また、スポーツにおける構えの姿勢や、基本動作中の姿勢についても可能であれば試合における動作パターンの確認が望まれます。
更には、姿勢調節の能力として、立位での骨盤傾斜のコントロールや頭部と肩甲帯も含めた上部体幹姿勢の調整の調整の可否についても把握しておく必要があります。
タイトネスの評価
病態分類と絡めて理解することが大切になります。 腸腰筋、大腿筋膜張筋、恥骨禁など股関節屈筋のタイトネスは、骨盤後傾を阻害することから伸展型腰痛の主因をなします。

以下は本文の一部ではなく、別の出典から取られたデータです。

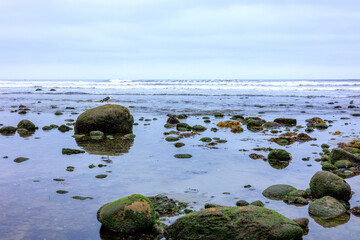 Green moss with brown kelp covered sea rocks and boulders in tidal waters of Old Man's Surfing Park, San Diego, California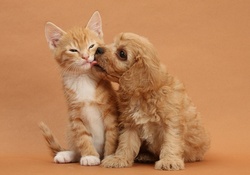 cute puppy and kitten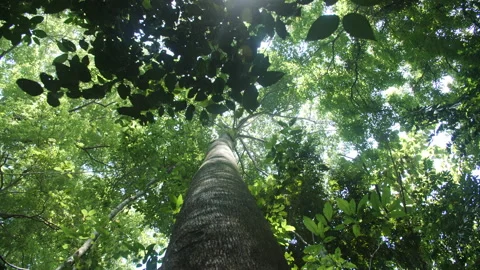 Big Beautiful Tree in Primary Rainforest Stock Footage 195280381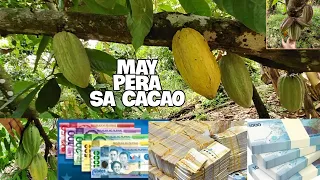 MAY PERA SA CACAO+SOME TIPS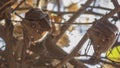 East African Epauletted Fruit Bat on Tree Royalty Free Stock Photo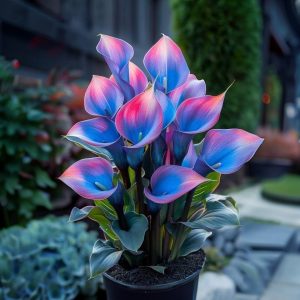 Калла Импрессия купить по цене от 590р. в интернет-магазине «Посадика» с доставкой почтой в в Славске и по всей России – [изображение №1].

また、背臥位で股関節を屈曲位から他動的に伸展させた時誘発される腰痛は腸腰筋のスパズムを示唆しており、急性の伸展型腰痛で見られます。
大殿筋やハムストリングスなど股関節伸筋群、そして梨状筋など深部外旋筋のタイトネスは、体幹屈曲運動における骨盤前傾を阻害することから屈曲型腰痛を誘発します。
一方、中殿筋のタイトネスは腰方形筋に過緊張を生みやすく、矢状面での骨盤コントロールの不良とも相まって様々な運動時痛に関与します。
ROM(関節可動域)の評価
ROMとしては股関節を中心として評価を進めますが、スポーツ種目によっては足関節から肩甲帯まで多くの関節のROM制限が腰痛の原因となりえます。

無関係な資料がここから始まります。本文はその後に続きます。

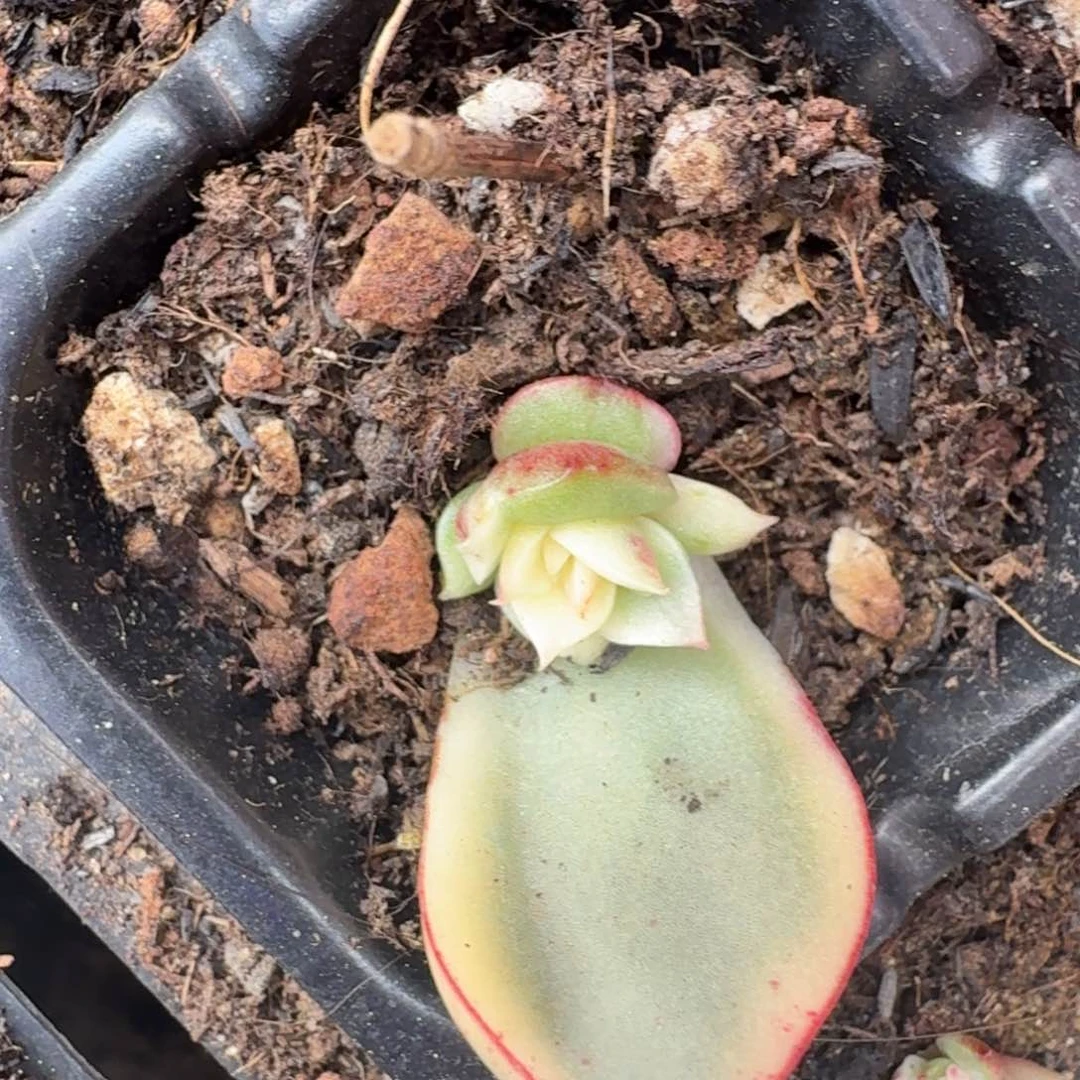 斗牛士锦一刻的锦
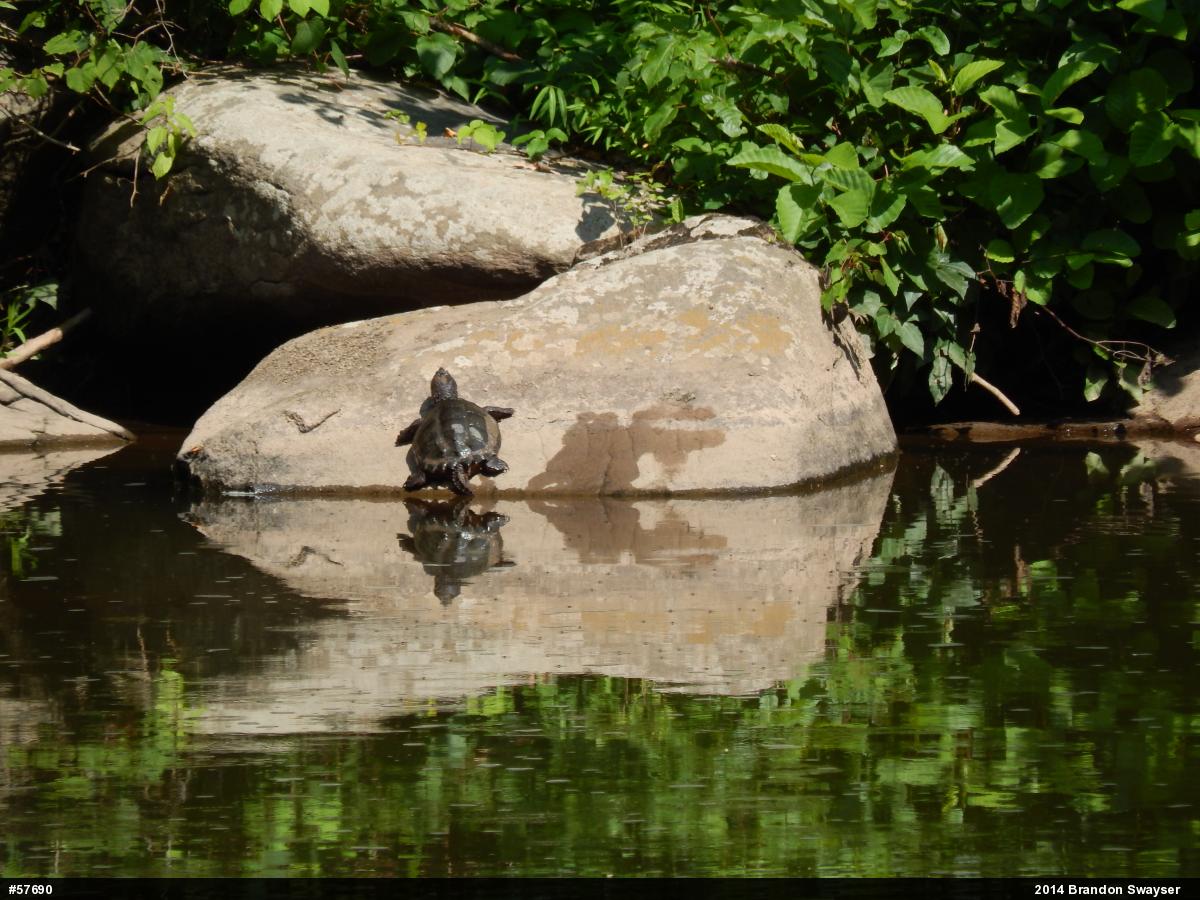 Snapping Turtle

股関節の可動域制限は直接的に腰椎骨盤リズムに影響を及ぼすことから、施術上最も重要なポイントと言えます。
足関節背屈制限はバレーボールなどの構えにおける下腿前傾を減少させ、代償的に体幹前傾・腰椎前弯を増強する原因になります。
一方で、胸郭の回旋可動域制限は回旋動作を行うスポーツ動作を伴うスポーツ動作において代償的に腰椎の回旋を増強させることから、肩甲帯の運動を含めた胸椎運動についての着眼も重要になります。
筋力(MMT)の評価
徒手筋力検査法(MMT)での測定以外に、股関節機能や骨盤の安定化に関与する筋群について特殊な評価も必要になります。
例えば、大腿骨遠位端を抵抗とした股関節伸筋のブレイクテストは股関節外旋筋の大腿骨頭取り込み機能の評価として有用です。

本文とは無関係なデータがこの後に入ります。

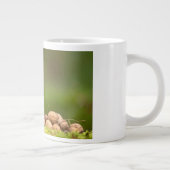eekhoorn eet noot grote koffiekop (Rechts)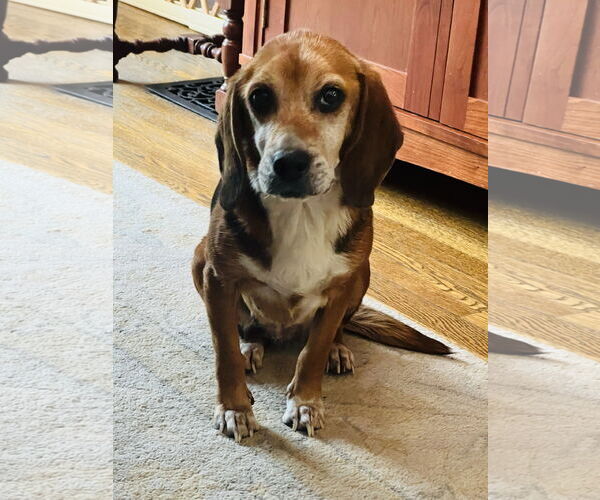 Medium Photo #4 Beagle-Unknown Mix Puppy For Sale in Germantown, OH, USA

骨盤の安定化に最も重要な役割を果たすのは下部腹筋群で、運動中に常時骨盤を安定させるには呼吸運動と独立して持続的に下部腹筋群のの緊張を保持する能力が要求されます。
腰痛お客に対して正常な腰椎骨盤リズムを習得させるには、そのために必要な筋活動パターンを学習させる必要があります。
例えば、伸展型腰痛の施術では腹筋群の緊張を保持しつつ股関節屈筋群を伸張させる能力が必要となることから、腹筋群の当尺性収縮と腸腰筋の遠心性筋収縮のパターン運動の可否を評価することも大切です。